Only the first 1,024 characters of the values for each property listed in the administrator audit log are audited. So only those characters will be included in the log.

Useful fields in the administrator audit log

Watch for these fields. They can help you identify specific information about each cmdlet run by an administrator.

Field Description

Caller

The user who ran the cmdlet.

Cmdlet

The cmdlet that was run by the user in the Caller field.

ObjectModified

The name of the object that was modified by the cmdlet.

RunDate

The date and time when the cmdlet was run.

Succeeded

Specifies whether the cmdlet ran successfully. The value is either True or False.

Error

Contains the error message if the cmdlet failed to complete successfully.

Parameter Name

The name of the parameter that was specified when the cmdlet was run.

Value

The value that was provided for the parameter specified in the Parameter Name field.

Property Name

The name of the property that was changed when the cmdlet was run.

OldValue

The value for the property before it was changed.*

NewValue

The value for the property after it was changed.*

* The value for this field can be very large. As stated earlier, only the first 1,024 characters are included in the administrator audit log.

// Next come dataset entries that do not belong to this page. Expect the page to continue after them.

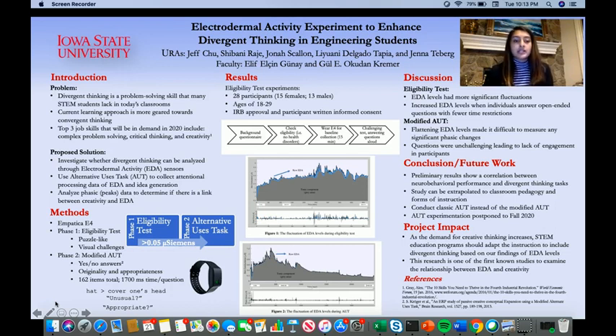Currently, the problem is that divergent thinking is a problem-solving skill that many STEM students lack in classrooms. In our research, we define divergent thinking as the focus of finding many different, original, and diverse solutions for a given problem. Traditionally, engineering curriculum has focused on convergent thinking, which is finding one solution or the correct answer. However, research shows that divergent thinking is crucial to creativity and the design process, which is really important to engineers. In fact, the top three job skills in demand in 2020 include complex problem-solving, critical thinking, and creativity — all of which are really important to divergent thinking.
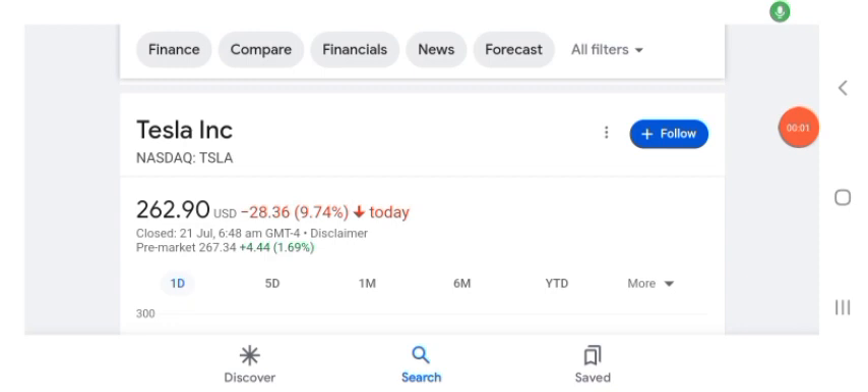Hello guys, welcome back to my YouTube channel. In this video we are going to talk about Tesla stock. I'm going to take a look at the fundamentals of the company and also take a look at the chart of the company, just to see how this company is doing so you know if it's worth your risk of investing.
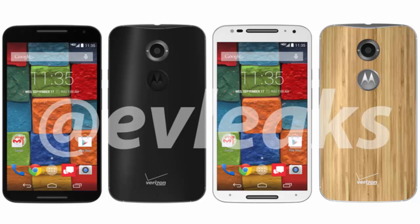The images are leaked by EV Leaks. There are a few things to note. First of all, the speaker at the top is slightly larger than the one on the bottom, but it still looks like we are getting stereo speakers on the front of the Moto X Plus 1.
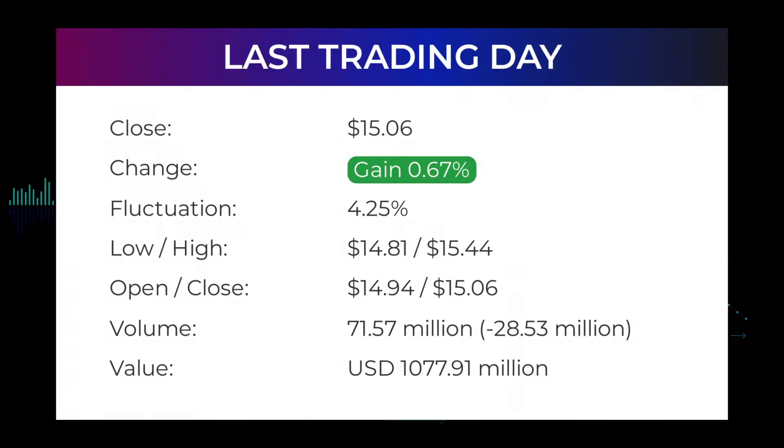In our daily updates for Ford Motor, our last headline reads: Ford Motor stock price up 0.67% on Friday. The Ford Motor stock price gained 0.67% on the last trading day, Friday April 8, 2022, rising from $14.96 to $15.06. During the day the stock fluctuated 4.25% from a day low at $14.81 to a day high of $15.44. The price has fallen in six of the last 10 days and is down by minus 8.56% for this period. Volume fell on the last day by minus 29 million shares, and in total 72 million shares were bought and sold for approximately $1.08 billion.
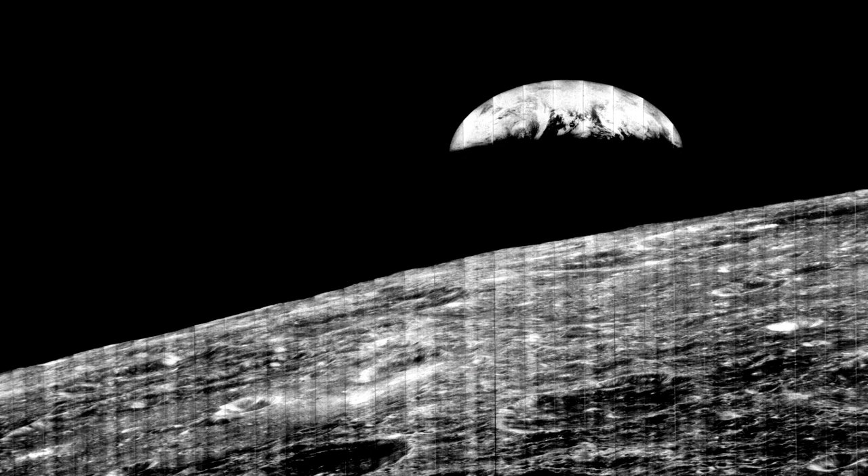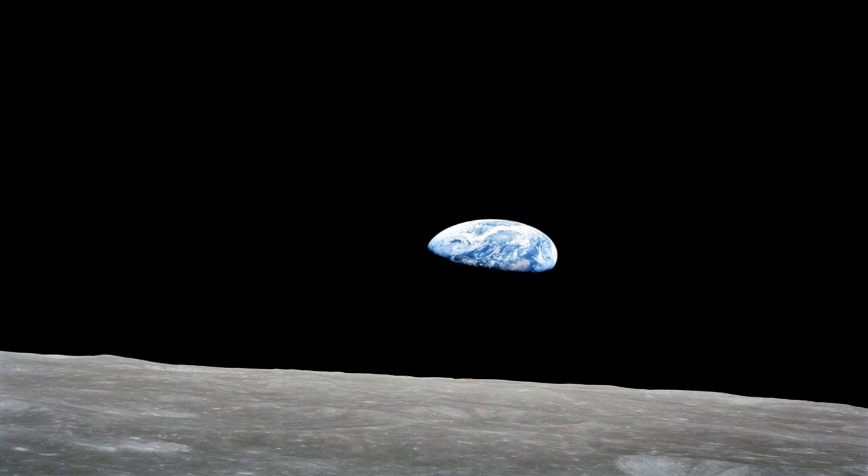Have you ever seen this picture? That's the first picture of Earth from the moon in 1966. And the reason John calls it the forgotten picture — three years later, the astronauts took a picture in color. And that's all anybody sees.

Quota for the administrator audit log

The administrator audit log is stored in the Recoverable Items folder, a hidden system mailbox that was called the dumpster in previous versions of Microsoft Exchange. The quota for the Recoverable Items folder is 30 GB. Audit log entries are kept for 90 days, and then deleted. If the Recoverable Items folder reaches 80% of the 30 GB quota—which is unlikely—an alert will be sent to Microsoft datacenter administrators.